In ihrer Dissertation ist Marie Jahoda in den theoretischen Rahmen der Lebenspsychologie Charlotte Bühlers eingebunden. Zwei Umstände sprechen dafür, dass es sich bei Jahodas Dissertation um ein bemerkenswertes Dokument in der Entstehung der empirischen Sozialforschung im deutschen Sprachraum handelt: Einmal gelingt es ihr, ein innovatives Verfahren zur Erhebung empirischer Daten zu entwickeln. Der zweite Umstand betrifft das Verhältnis von Hypothesen und empirischen Daten, in dem sie das Fünf-Lebensphasen-Modell Bühlers bestätigt, gleichzeitig aber darauf verweist, bei der Interpretation lebensgeschichtlicher Daten auch sozialpsychologische und kulturelle Faktoren stärker zu betonen.

Die Absicht der Publikation, die Persönlichkeit Marie Jahodas und ihre bahnbrechende Dissertation vor dem Vergessen zu bewahren, ist absolut geglückt.
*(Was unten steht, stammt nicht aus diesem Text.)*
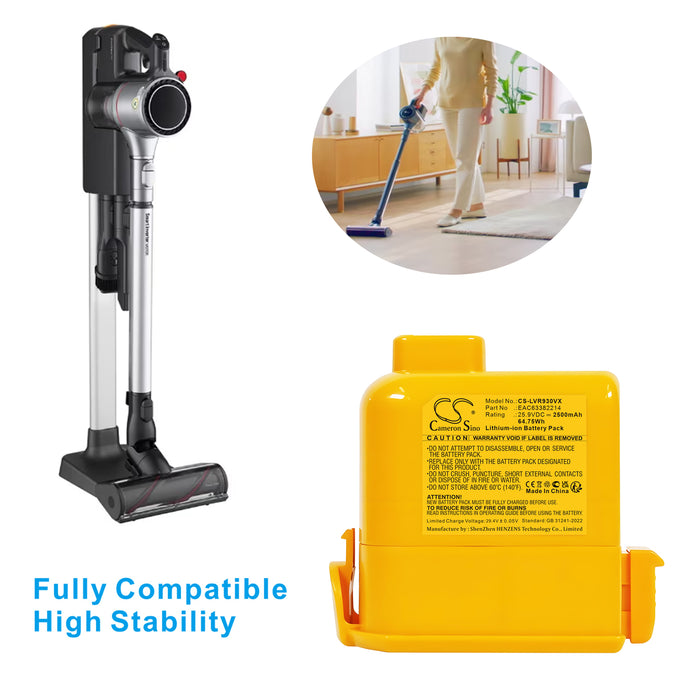 LG A9K-CORE1S A9Komp CordZero A9S CordZero A9k A9X-AUTO.EEGBLTT A9X-PRIME.FCBBLTT A9X-STEAM.DCBBLTT A9X-STEAM.ECBBLTT ART-P Vacuum Replacement Battery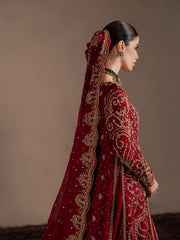 Maroon & Gold Layered Bridal Jacket Ensemble
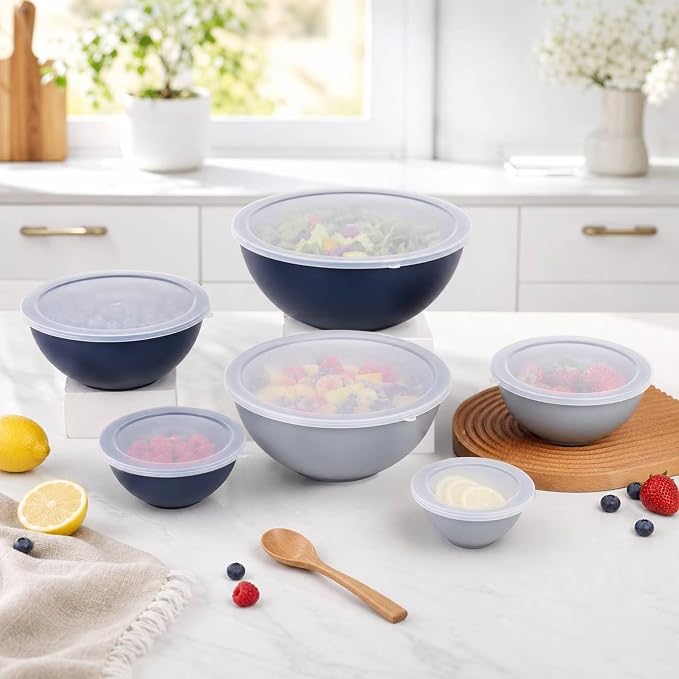 BoxedHome BPA Free Plastic Round Mixing Bowl with Lids, 12 Pack Nesting Bowls with Lids Set, Microwave and Dishwasher Safe Prep & Serving Bowls Great for Mixing, Baking, Serving (Haze Blue, 12pcs)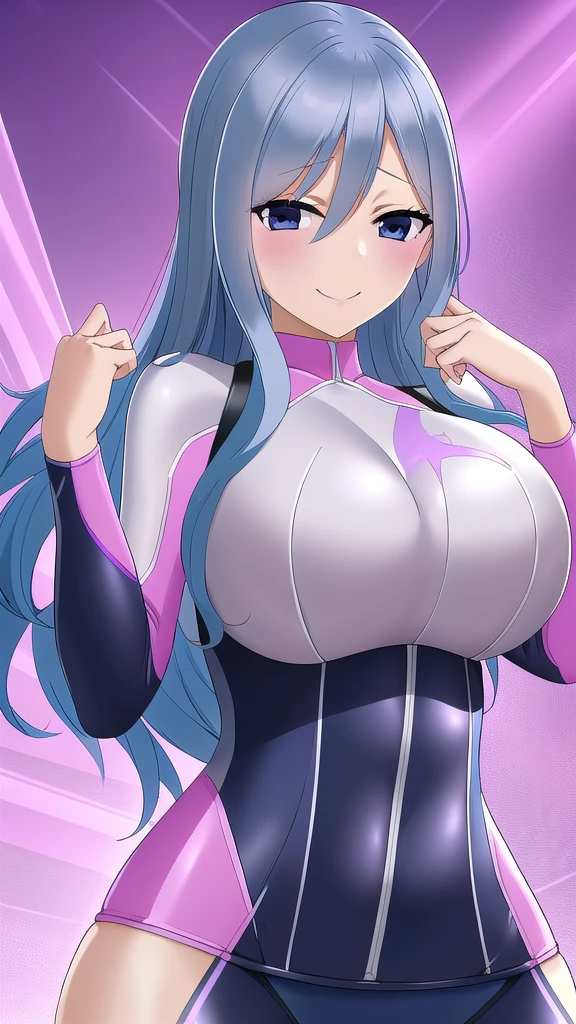  Erotic、Juvia、Light blue hair、Big Breasts, Alone、 White and pink wetsuit　Rash guard, Purple evil background、 Best Quality, Detailed face, Detailed eyes, High resolution,、Evil female executive、Wicked Smile、Sexy pose、Fallen into evil、Fall into Darkness、Dark Side、excited、lure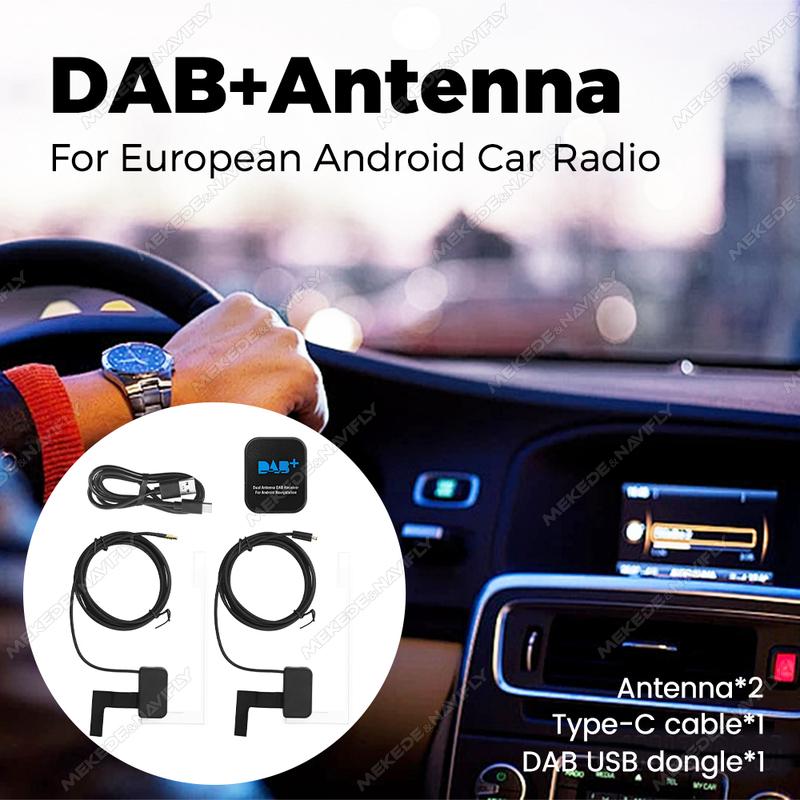MEKEDE Dual Antenna DAB+ Adapter for EU Digital Radio Universal Android Car Radio Navigation Type-C MCX SMA SMB Interface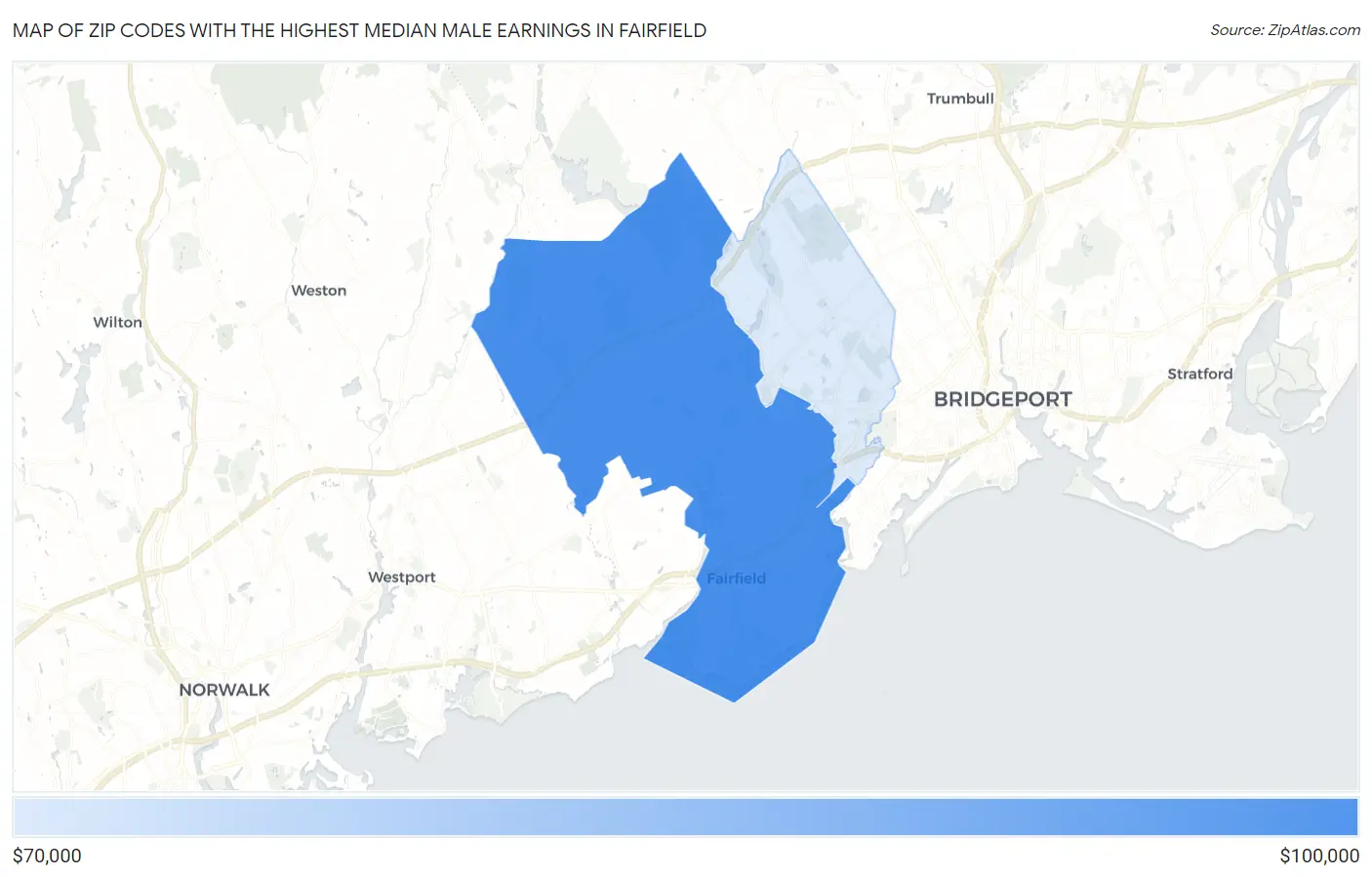 Zip Codes with the Highest Median Male Earnings in Fairfield Map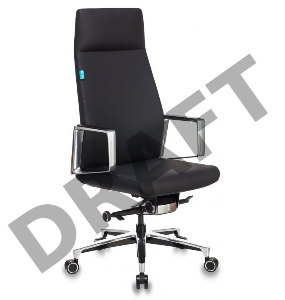 Кресло руководителя Бюрократ _JONS/BLACK черный кожа крестовина алюминий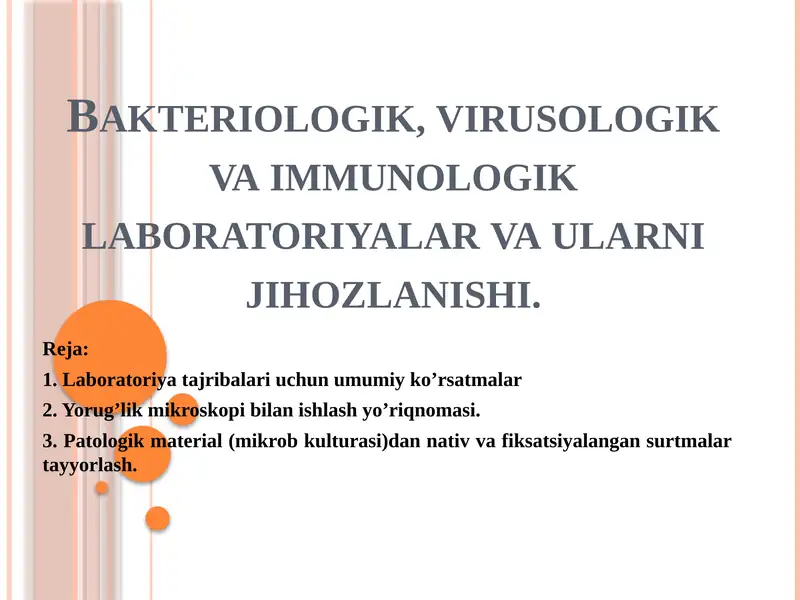 Laboratoriya jihozlarining umumiy ko'rsatmalar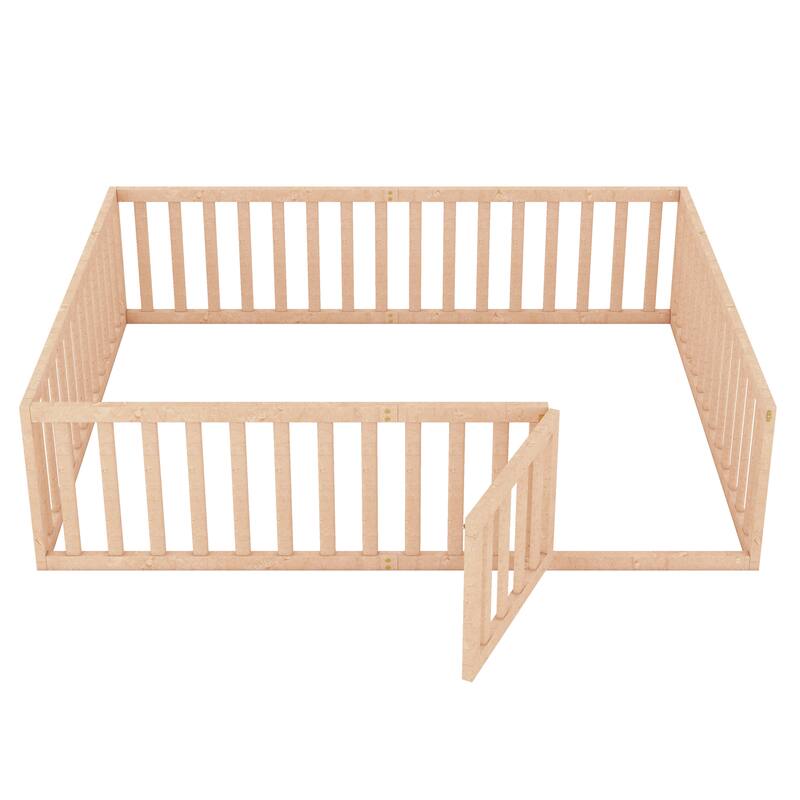 Versatile Wooden Floor Bed Frame without Slats, Solid Pinewood Kids Bed Frame with Fence and Door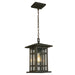 Arlington Creek 1x60W Outdoor Pendant With Matte Bronze Finish & Clear Seeded Glass
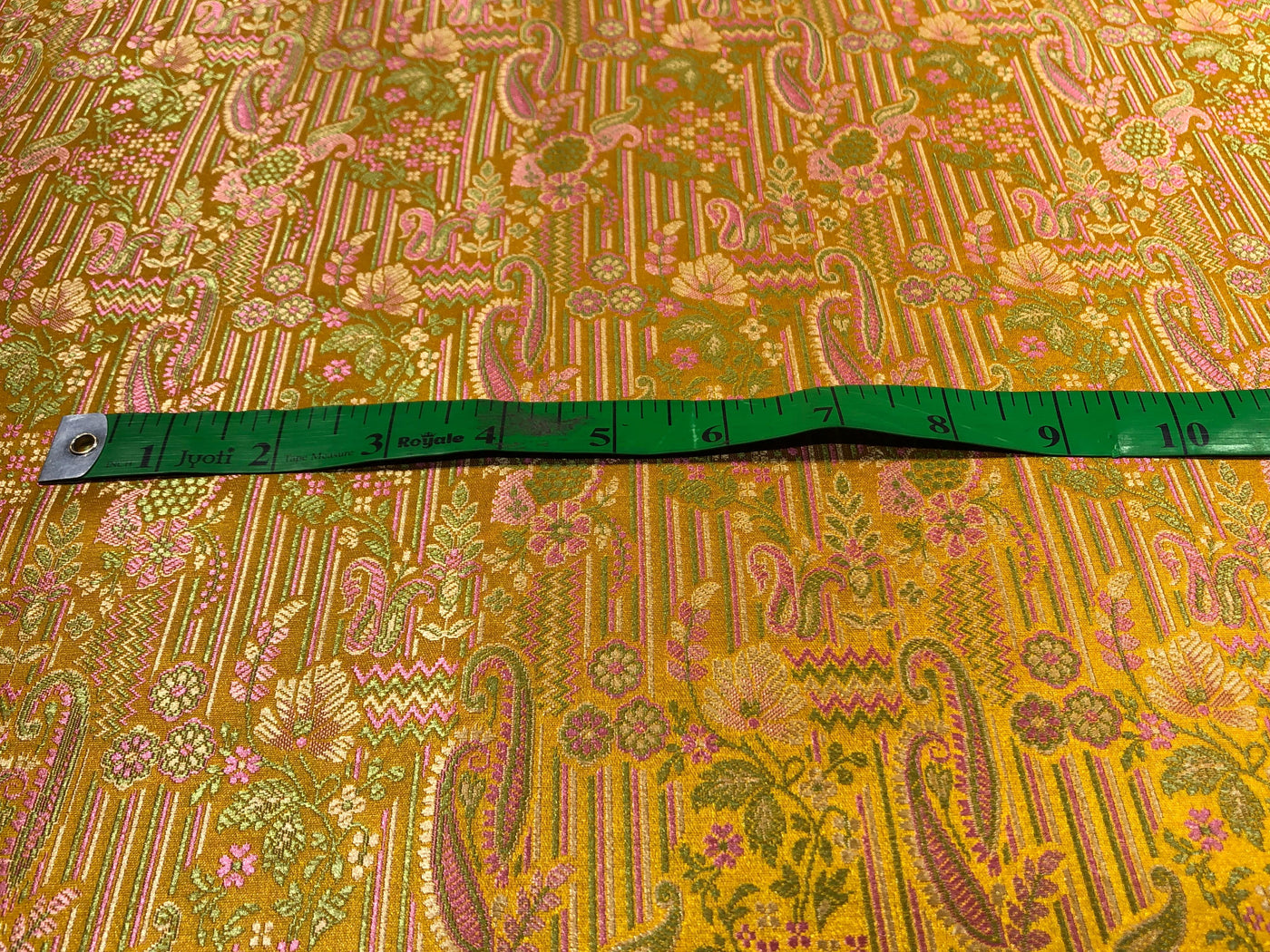 Silk Brocade fabric mustard gold with green and pink paisley  jacquard BRO1024[1]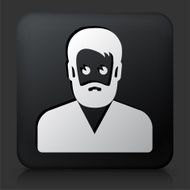 Black Square Button with Male Face Icon N35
Indem sie ihren Fokus nicht allein auf die Wissenschaft, sondern auch auf die Betroffenen und deren reale Probleme und Nöte im Alltag legt, muss Marie Jahoda als eine hervorragende Wissenschafts-Repräsentantin bezeichnet werden. Ihr Leben zeigt sie als eine Persönlichkeit wissend um Existenznöte und nahe am Humanen des Alltäglichen. In der Gegenwart ist dies ein rares Gut geworden: Möge sie uns diesbezüglich als Vorbild dienen!